First, load a csv file with Question and Answer columns.

# Initiate flow
flow = DataGenFlow()
# Load data
qaa = pd.read_csv(f"{YOUR_CSV_FILE}", encoding = "utf8")`

Then you can generate more data from the loaded data.

input_dict = {"qaa": qaa[:]}
output_dict = flow(input_dict)

Data Generation from Text

Generate Question-Answer pair data from text using the DataGenTextFlow interface.

Example

First, load a text from which you would like to generate the Question-Answer data.

with open(os.path.join(f"{YOUR_FILE_PATH}", "YOUR_FILE.txt"), "r") as file:
    context = file.read()

Then you can generate the Question-Answer data from the text.

flow = DataGenTextFlow()
input_dict = {"context": context}
output_dict = flow(input_dict)

Data Generation from Text plus Data

Using the TextPlusDataGenFlow, you can run the previous two flows in sequence to generate data from text, and then generate additional data from the generated data.

Example

First, load a text from which you would like to generate the Question-Answer data.

with open(os.path.join(f"{YOUR_FILE_PATH}", "YOUR_FILE.txt"), "r") as file:
    context = file.read()

Then you can generate the Question-Answer data from the text.

flow = TextPlusDataGenFlow()
input_dict = {"context": context}
output_dict = flow(input_dict)

Self Instructed Fine Tuning

Generate data from html text, and then fine tune the model on the generated data using the SelfInstructedGenFlow interface.

First, place your html file in the same directory as your python file.

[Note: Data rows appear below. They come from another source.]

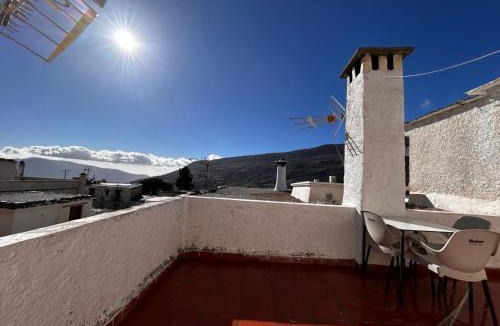 Capileira Apartment | cerronegro con terraza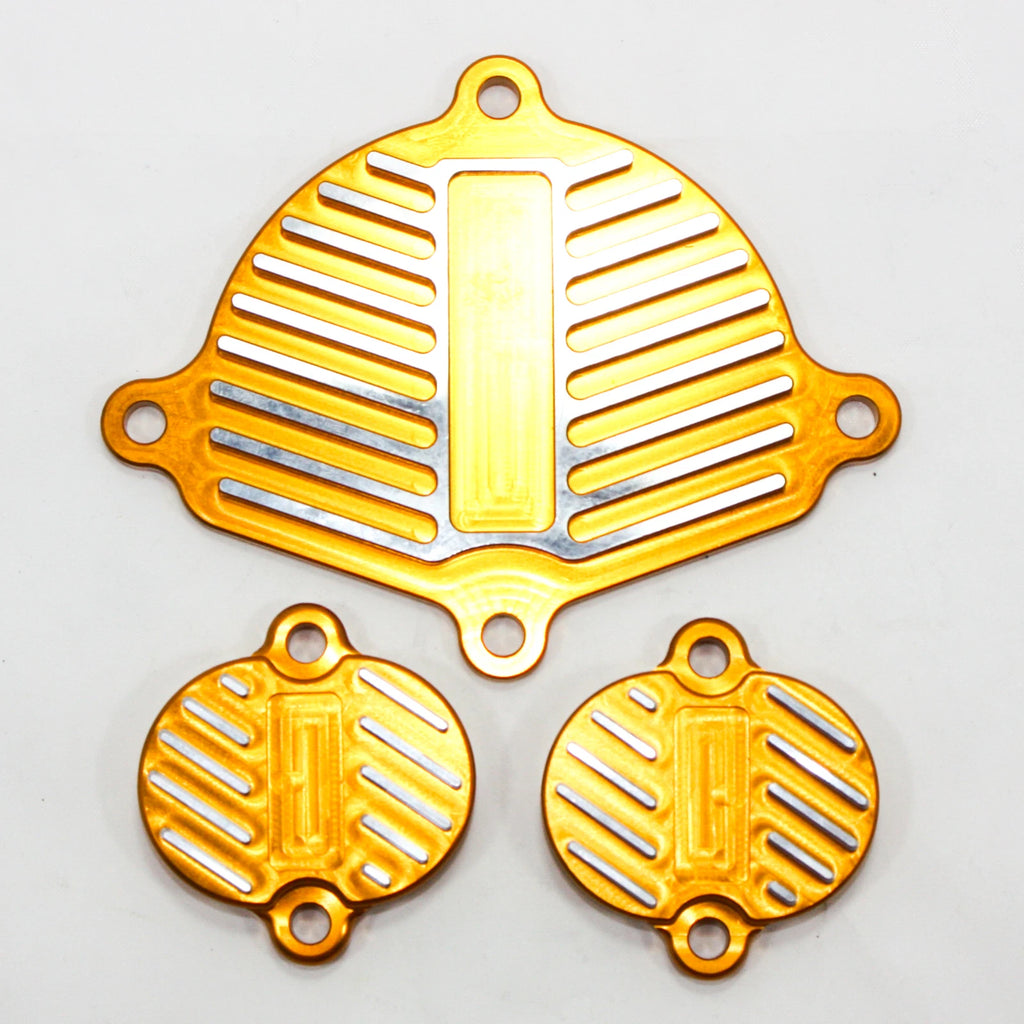 CNC Engine Dress Up Kit for Pit Pro Trail Dirt Bike (140cc, 150cc, 160cc)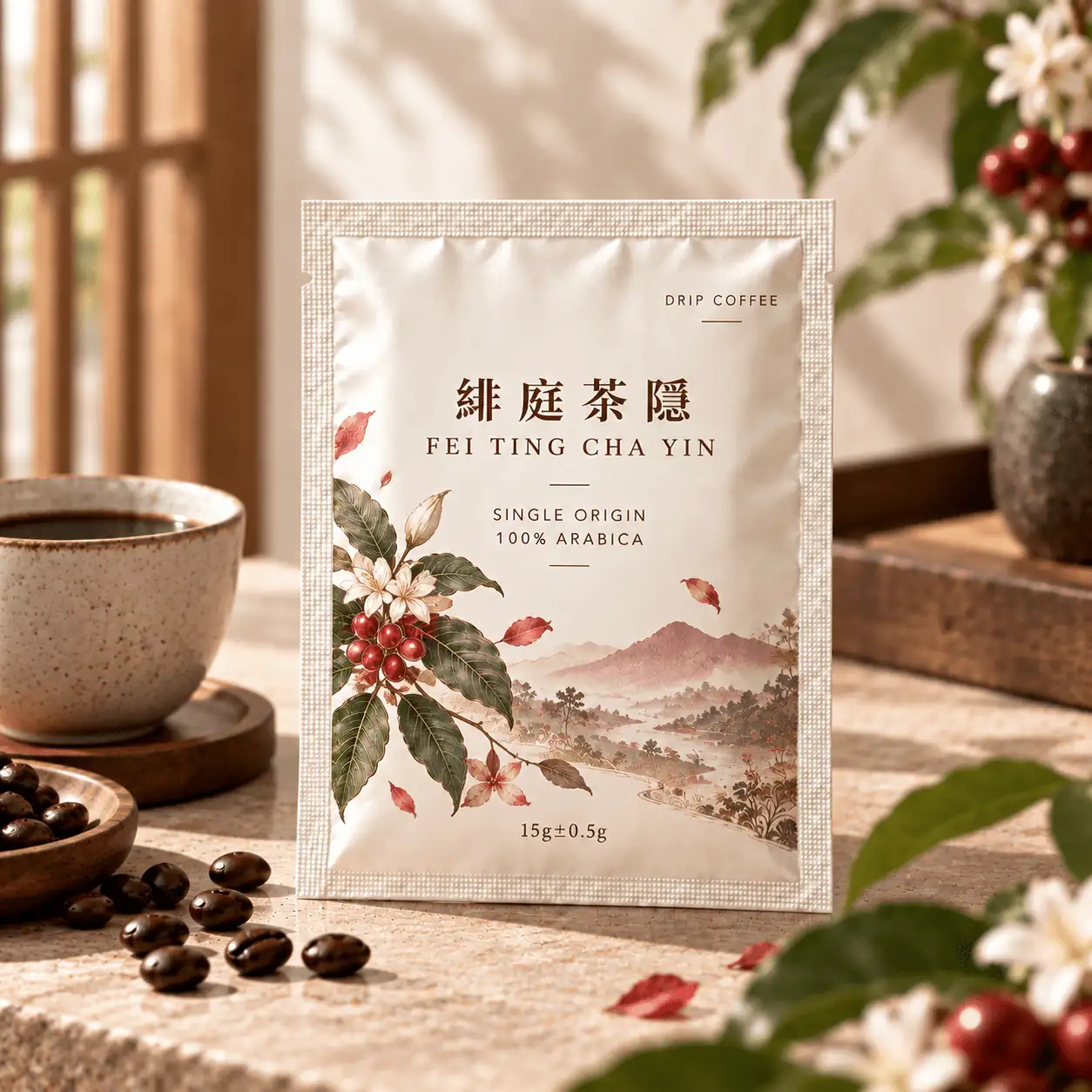 緋庭茶隱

Then you can generate the Question-Answer data from the html.

# Initiate flow
flow = SelfInstructedGenFlow()
input_dict = {constants.HTML_KEY: YOUR_HTML_FILE_PATH}

# Run flow
output_dict = flow(input_dict)

Installation

To get started with uniflow, you can install it using pip in a conda environment.

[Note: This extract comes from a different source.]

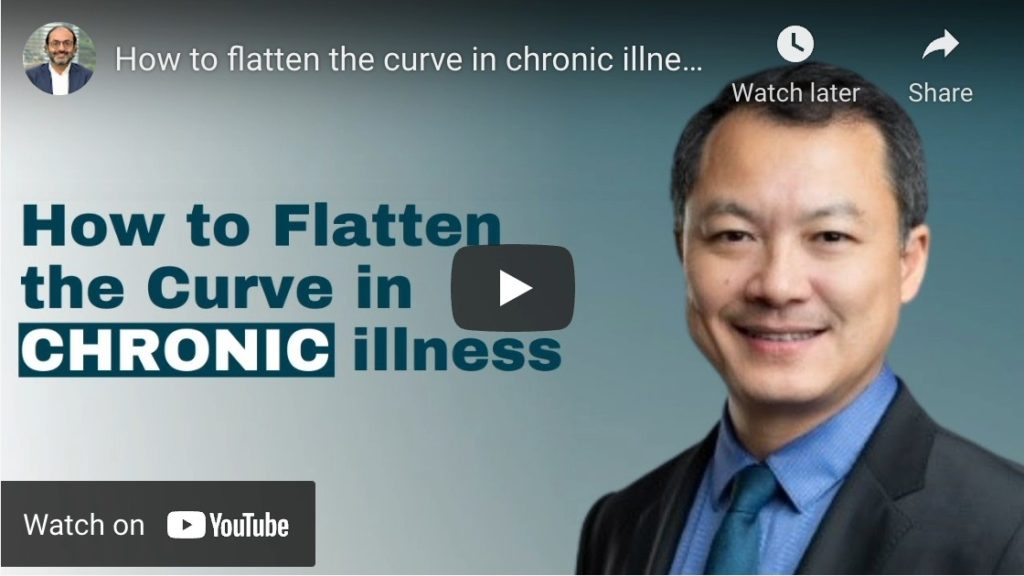 How to Flatten the Curve in Chronic Illness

First, create a conda environment on your terminal using:

conda create -n uniflow python=3.10 -y
conda activate uniflow  # some OS requires `source activate uniflow`

Then install flow and the compatible pytorch based on your os

pip3 install uniflow
pip3 install torch

Finally, if you are on a GPU, install pytorch based on your cuda version. You can find your CUDA version via nvcc -V.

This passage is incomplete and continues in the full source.